It seems retiring at 55 and making the most of some time off could be bad for the economy. New research from PwC found that Britain could be missing out on billions of pounds due to low levels of employment for older people.
The report was based on PwC's 'Golden Age Index', which ranks OECD countries on how friendly they are to older workers based on employment levels, salaries and training. It claimed that if Britain could match Sweden, the highest-ranked EU country, then its economy could be better off to the tune of £100bn per year.
'This group of workers is too often over-looked by businesses and Government, but our research shows there could be big gains for the UK economy from policies directed at keeping people skilled and motivated to stay in the workforce for longer,' said John Andrews, head of PwC's global people and organisation practice.
He added that the Govenment could encourage businesses to employ more older workers by introducing tax breaks, increasing spending on retraining and enforcing age discrimination laws more strictly.

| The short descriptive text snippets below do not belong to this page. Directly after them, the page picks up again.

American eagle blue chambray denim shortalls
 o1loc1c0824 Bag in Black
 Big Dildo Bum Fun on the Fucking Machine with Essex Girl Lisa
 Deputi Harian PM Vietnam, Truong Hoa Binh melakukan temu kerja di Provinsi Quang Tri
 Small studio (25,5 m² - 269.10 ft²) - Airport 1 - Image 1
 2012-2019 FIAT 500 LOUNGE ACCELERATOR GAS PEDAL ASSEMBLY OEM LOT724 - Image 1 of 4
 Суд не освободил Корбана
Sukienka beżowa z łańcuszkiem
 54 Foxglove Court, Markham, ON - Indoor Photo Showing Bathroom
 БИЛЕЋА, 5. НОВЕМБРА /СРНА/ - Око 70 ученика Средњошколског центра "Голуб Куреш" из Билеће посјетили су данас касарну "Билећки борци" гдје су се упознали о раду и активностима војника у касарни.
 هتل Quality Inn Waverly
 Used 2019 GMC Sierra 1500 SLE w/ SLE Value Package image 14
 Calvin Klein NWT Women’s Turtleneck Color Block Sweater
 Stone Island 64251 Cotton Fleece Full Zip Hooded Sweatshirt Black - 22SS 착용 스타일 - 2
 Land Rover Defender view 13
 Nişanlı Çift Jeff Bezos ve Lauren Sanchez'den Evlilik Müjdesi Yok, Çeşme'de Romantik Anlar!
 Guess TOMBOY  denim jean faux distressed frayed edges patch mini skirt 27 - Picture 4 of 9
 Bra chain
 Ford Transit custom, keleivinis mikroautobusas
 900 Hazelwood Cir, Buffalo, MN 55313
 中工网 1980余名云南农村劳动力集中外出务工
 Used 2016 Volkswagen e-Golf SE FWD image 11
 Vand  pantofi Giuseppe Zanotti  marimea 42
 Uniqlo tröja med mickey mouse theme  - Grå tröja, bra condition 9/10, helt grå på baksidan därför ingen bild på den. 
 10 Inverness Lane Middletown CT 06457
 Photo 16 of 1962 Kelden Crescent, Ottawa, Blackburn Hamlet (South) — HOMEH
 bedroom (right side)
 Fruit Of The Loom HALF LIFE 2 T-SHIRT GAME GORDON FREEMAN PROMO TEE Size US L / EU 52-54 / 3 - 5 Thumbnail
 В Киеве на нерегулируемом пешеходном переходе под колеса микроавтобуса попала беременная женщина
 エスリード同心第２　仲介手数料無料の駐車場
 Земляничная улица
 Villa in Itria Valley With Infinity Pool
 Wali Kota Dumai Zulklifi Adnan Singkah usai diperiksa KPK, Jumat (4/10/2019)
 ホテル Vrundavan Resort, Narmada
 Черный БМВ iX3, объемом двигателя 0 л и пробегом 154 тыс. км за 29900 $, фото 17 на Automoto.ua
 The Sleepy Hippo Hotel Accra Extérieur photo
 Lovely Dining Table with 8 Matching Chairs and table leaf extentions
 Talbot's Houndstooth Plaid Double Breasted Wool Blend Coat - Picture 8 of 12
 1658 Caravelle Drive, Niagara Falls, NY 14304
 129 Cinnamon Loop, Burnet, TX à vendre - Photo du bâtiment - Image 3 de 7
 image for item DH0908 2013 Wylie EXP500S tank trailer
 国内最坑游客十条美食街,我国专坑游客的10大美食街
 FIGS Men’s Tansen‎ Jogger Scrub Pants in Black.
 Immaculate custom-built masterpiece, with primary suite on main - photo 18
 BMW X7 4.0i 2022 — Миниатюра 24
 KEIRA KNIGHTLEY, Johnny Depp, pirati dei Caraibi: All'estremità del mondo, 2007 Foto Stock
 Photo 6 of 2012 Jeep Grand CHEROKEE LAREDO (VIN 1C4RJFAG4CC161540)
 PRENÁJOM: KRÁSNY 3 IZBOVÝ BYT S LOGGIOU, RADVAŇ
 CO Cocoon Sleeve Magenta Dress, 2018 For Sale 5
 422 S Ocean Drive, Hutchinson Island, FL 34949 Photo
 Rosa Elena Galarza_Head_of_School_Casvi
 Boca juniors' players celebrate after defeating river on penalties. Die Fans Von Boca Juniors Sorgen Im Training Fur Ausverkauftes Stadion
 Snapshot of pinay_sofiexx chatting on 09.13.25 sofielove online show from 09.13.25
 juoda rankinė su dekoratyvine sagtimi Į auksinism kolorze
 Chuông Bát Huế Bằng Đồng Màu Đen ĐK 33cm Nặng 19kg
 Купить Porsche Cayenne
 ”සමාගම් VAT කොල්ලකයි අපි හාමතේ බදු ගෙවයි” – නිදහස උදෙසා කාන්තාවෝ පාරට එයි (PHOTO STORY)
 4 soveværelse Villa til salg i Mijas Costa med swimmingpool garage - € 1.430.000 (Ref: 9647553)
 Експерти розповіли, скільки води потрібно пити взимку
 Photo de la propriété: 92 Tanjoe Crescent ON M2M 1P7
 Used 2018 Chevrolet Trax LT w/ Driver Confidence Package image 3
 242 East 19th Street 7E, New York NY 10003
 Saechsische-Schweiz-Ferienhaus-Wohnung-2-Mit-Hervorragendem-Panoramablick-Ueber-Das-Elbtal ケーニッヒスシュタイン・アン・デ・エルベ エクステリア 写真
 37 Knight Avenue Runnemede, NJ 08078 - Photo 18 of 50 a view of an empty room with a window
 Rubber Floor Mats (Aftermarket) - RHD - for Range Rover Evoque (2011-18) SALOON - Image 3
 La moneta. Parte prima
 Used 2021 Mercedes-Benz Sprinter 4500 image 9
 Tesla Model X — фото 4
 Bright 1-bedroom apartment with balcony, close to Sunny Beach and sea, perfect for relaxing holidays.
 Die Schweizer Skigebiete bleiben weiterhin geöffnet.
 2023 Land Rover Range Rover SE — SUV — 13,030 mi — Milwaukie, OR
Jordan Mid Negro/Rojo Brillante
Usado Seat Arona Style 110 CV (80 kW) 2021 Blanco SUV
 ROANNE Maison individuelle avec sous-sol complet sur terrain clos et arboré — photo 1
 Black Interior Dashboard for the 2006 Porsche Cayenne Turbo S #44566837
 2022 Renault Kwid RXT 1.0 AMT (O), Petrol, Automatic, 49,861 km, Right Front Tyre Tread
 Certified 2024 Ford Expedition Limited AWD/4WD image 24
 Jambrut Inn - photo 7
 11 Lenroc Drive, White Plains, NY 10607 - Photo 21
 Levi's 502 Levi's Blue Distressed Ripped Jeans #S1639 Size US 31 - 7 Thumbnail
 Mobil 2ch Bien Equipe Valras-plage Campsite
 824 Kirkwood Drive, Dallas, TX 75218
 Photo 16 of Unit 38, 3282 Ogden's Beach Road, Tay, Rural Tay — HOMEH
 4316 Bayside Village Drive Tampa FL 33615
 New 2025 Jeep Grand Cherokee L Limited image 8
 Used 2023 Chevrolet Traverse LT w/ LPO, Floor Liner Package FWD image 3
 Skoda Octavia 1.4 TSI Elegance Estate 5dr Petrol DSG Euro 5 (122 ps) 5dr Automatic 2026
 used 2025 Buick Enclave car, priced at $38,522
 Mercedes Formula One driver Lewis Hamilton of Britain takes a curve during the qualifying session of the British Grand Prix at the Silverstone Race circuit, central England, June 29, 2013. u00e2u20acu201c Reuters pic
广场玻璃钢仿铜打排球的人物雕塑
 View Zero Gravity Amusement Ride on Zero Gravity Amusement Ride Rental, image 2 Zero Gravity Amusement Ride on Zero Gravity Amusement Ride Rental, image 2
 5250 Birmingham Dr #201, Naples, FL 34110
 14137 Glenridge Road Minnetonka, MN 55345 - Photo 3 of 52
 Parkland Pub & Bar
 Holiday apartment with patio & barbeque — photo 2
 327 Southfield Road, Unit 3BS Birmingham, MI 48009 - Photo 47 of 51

Read more: How to manage older workers
'More flexibility, job redesign, career breaks and role shifts could help engage this generation and keep them in the workforce for longer,' he said. 'Training, promotions and performance management should not tail away at 50.'
Britain's slipped down the rankings from 13th in 2003 to 19th today, although the report said it had improved in abolute terms. Top of the charts is Iceland, followed by New Zealand, Sweden and Israel.
Given the high rate of UK youth unemployment (15.7% as of April), some might think it's more important to focus on the employment prospects of younger people rather than giving more jobs to the over 55s. But ultimately the more people who are in work, the more economic activity is being generated, and so everybody would benefit in the long-term.